Further, Mr Husic has also requested a briefing from Digital Transformation Agency senior executives on the changes that have been implemented as a result of the Thodey review, and a report on the effectiveness of the restructuring so far.
Mr Thodey’s leadership of the Functional Efficiency Review at PM&C and its focus on the operations and effectiveness of the sometimes controversial DTO came to light in a sometimes testy Estimates exchange between Labor Senator Jenny McAllister and PM&C deputy secretary for innovation and transformation Dr Steven Kennedy.
Senator McAllister chastised Dr Kennedy for not having previously discussed the Thodey Functional Efficiency Review when she had directly and specifically asked at an estimates hearing in October last year what discussions and processes had informed the decision to restructure the review.

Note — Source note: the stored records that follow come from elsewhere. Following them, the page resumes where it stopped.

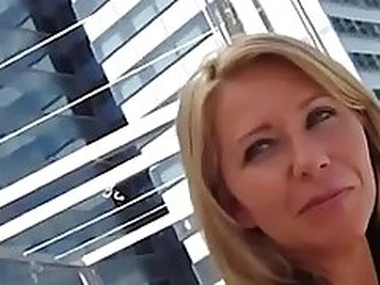 AMWF Peaches with Chinese guy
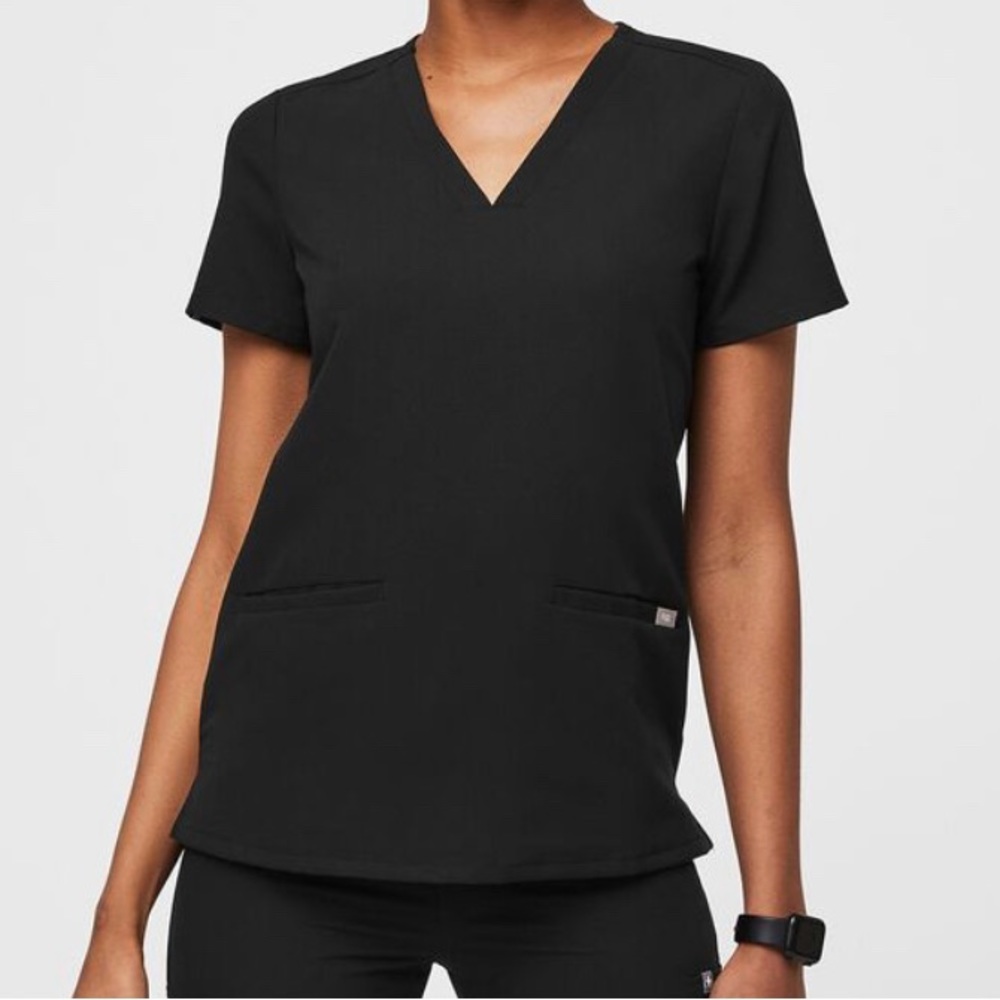 Figs Casma Three-Pocket Scrub Top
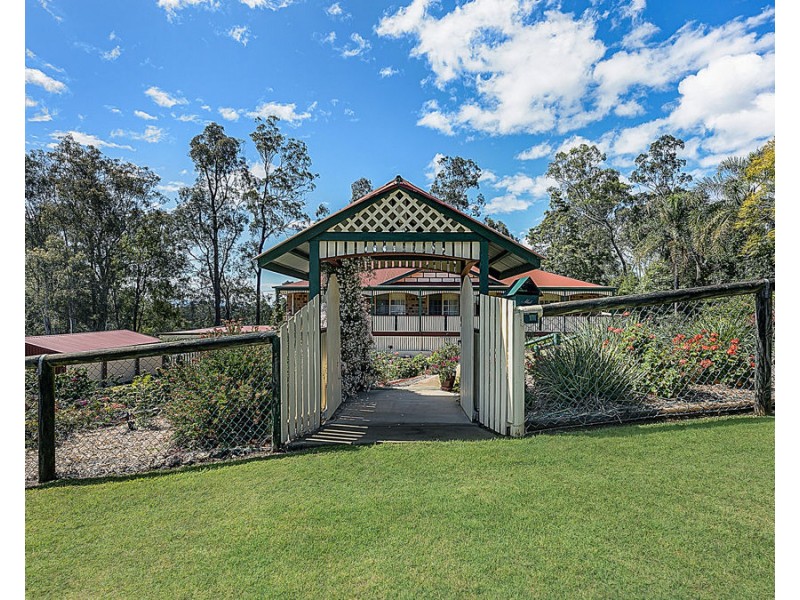 19 Chilton Court, Deebing Heights QLD 4306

It is not clear from the estimates hearings last week whether Paul Shetler had been involved or interviewed as part of the Thodey Functional Efficiency Review. But there was much interest from Senator McAllister in understanding how often the then CEO – Mr Shetler – met with the Assistant Minister Mr Taylor.
Having established that the current (and interim) chief of the Digital Transformation Agency Nerida O’Loughlin meets with Mr Taylor on a roughly weekly basis, Senator McAllister was forensic about finding out how often Mr Shetler met with the assistant minister.
Given the depth of the restructure, it is a reasonable point. While Dr Kennedy supposed that “regular” meetings between Mr Taylor and Mr Shetler took place “more than monthly,” he took the question on notice to check diaries.
But it is understood that the two men met one-on-one just twice in the eight months between Mr Taylor taking oversight of digital transformation and the radical overall of the DTO. Even give that an election was held in the intervening period, this would seem extraordinary.
Ed Husic says the Thodey review the DTO operations and efficiency – and the recommendations it made to PM&C – would shed some light on the new strategy government has deployed to improve its performance in service delivery.
It would also give the public insight into how government plans to fix the seemingly systemic problems in government IT projects.
“Angus Taylor has talked about the need to increase transparency when it comes to digital transformation – now he can actually deliver on that by releasing the secret review into the DTO,” Mr Husic said.
“This will help better understand how this government aims to lift the quality of government digital transformation.”